Configure virtual Access Points to use 802.11r with FT-EAP. This example uses a LANforge CT523 system but the procedure will work on all CT522, CT523 and CT525 multi-radio systems.

The wifi clients under test are also 802.11r enabled so that they can initiate FT Requests and roam. Here we are using another LANforge WiFire as the system under test to emulate 802.11r stations and force them to roam.

In LANforge, each virtual access point will be running its own hostapd process configured to enable 802.11r and bridged to other virtual access points. The bridged VAP network will emulate the Distributed System (DS) for FT over-the-DS roaming.
 
  1. Setup a single virtual access point on each wifi NIC for at least two NICs and configure them for the same channel and SSID.
    1. Go to the Port Manager tab, select the parent device such as wiphy0, click Modify, set a specific channel/frequency.
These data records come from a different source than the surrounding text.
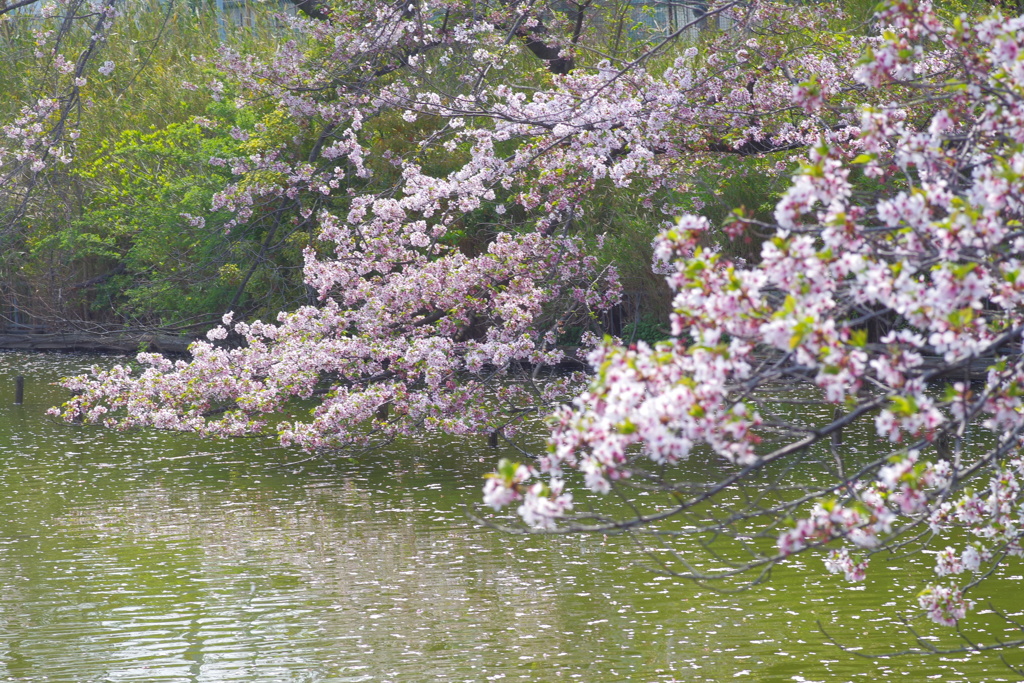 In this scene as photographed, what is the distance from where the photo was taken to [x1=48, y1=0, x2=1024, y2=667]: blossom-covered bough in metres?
3.59

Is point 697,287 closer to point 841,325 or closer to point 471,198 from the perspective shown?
point 841,325

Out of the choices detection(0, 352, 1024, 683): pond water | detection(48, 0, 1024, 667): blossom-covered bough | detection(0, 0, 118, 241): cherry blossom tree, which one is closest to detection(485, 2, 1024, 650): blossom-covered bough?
detection(48, 0, 1024, 667): blossom-covered bough

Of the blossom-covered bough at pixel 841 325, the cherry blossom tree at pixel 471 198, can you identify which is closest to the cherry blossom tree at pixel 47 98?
the cherry blossom tree at pixel 471 198

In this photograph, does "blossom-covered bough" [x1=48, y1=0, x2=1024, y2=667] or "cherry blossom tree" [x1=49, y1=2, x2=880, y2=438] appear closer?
"blossom-covered bough" [x1=48, y1=0, x2=1024, y2=667]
Repeat for wiphy1.
    2. Select wiphy0, click Create, fill out appropriate information and create a virtual access point. Repeat for wiphy1.
    3. The new vap should appear in the Port-Mgr table. Double-click to modify. Configure SSID and select WPA2 but do not fill in the Key/Phrase: screenshot
    4. Select the Advanced Configuration tab in the Port-Modify window and check the box Advanced/802.1x and fill in the RADIUS IP/Port/Secret. Here the RADIUS server will be another instance of hostapd configured on a bridge interface and accessible via localhost. screenshot
    5. Select the Custom WiFi tab in the Port-Modify window to fill in the additional hostapd options to enable and configure 802.11r. These lines will be appended to the end of the LANforge generated hostapd configuration file located in /home/lanforge/wifi of the resource in use.


      vap1 00:0e:8e:7e:e2:71 - Your MAC will be different.
      wpa_key_mgmt=FT-EAP
ft_over_ds=1
nas_identifier=000e8e7ee271   #vap1 MAC without colon delimiters, yours will differ.
mobility_domain=a1a1
r0_key_lifetime=10000
r1_key_holder=000e8e7ee271   #vap1 MAC without colon delimiters, yours will differ.
reassociation_deadline=1000
pmk_r1_push=1

#r0kh is vap2 MAC address, vap2 nas identifier, AES key
r0kh=00:0e:8e:cb:fc:48 000e8ecbfc48 000102030405060708090a0b0c0d0e0f

#r1kh is vap2 MAC address, vap2 r1 key holder MAC, AES key
r1kh=00:0e:8e:cb:fc:48 00:0e:8e:cb:fc:48 0f0e0d0c0b0a09080706050403020100
      full configuration file: hostapd_vap1.conf

      vap2 00:0e:8e:cb:fc:48 - Your MAC will be different.
      wpa_key_mgmt=FT-EAP
ft_over_ds=1
nas_identifier=000e8ecbfc48   #vap2 MAC without colon delimeters, yours will differ.
mobility_domain=a1a1
r0_key_lifetime=10000
r1_key_holder=000e8ecbfc48   #vap2 MAC without colon delimeters, yours will differ.
reassociation_deadline=1000
pmk_r1_push=1

#r0kh is vap1 MAC address, vap1 nas identifier, AES key
r0kh=00:0e:8e:7e:e2:71 000e8e7ee271 0f0e0d0c0b0a09080706050403020100

#r1kh is vap1 MAC address, vap1 r1 key holder MAC, AES key
r1kh=00:0e:8e:7e:e2:71 00:0e:8e:7e:e2:71 000102030405060708090a0b0c0d0e0f
      full configuration file: hostapd_vap2.conf

      If you wanted to add FT-PSK capability, add the following to the hostapd configuration file:
      wpa_key_mgt=FT-EAP FT-PSK
wpa_passphrase=1234567890

      In this example, we are configuring push mode key distribution where the master key holder, R0KH, derives the R1 key for all secondary key holders, R1KH, listed in the configuration file and sends it to them over the DS via bridge interfaces. The R0KH and R1KH entries must be configured for all virtual access points in the 802.11r network.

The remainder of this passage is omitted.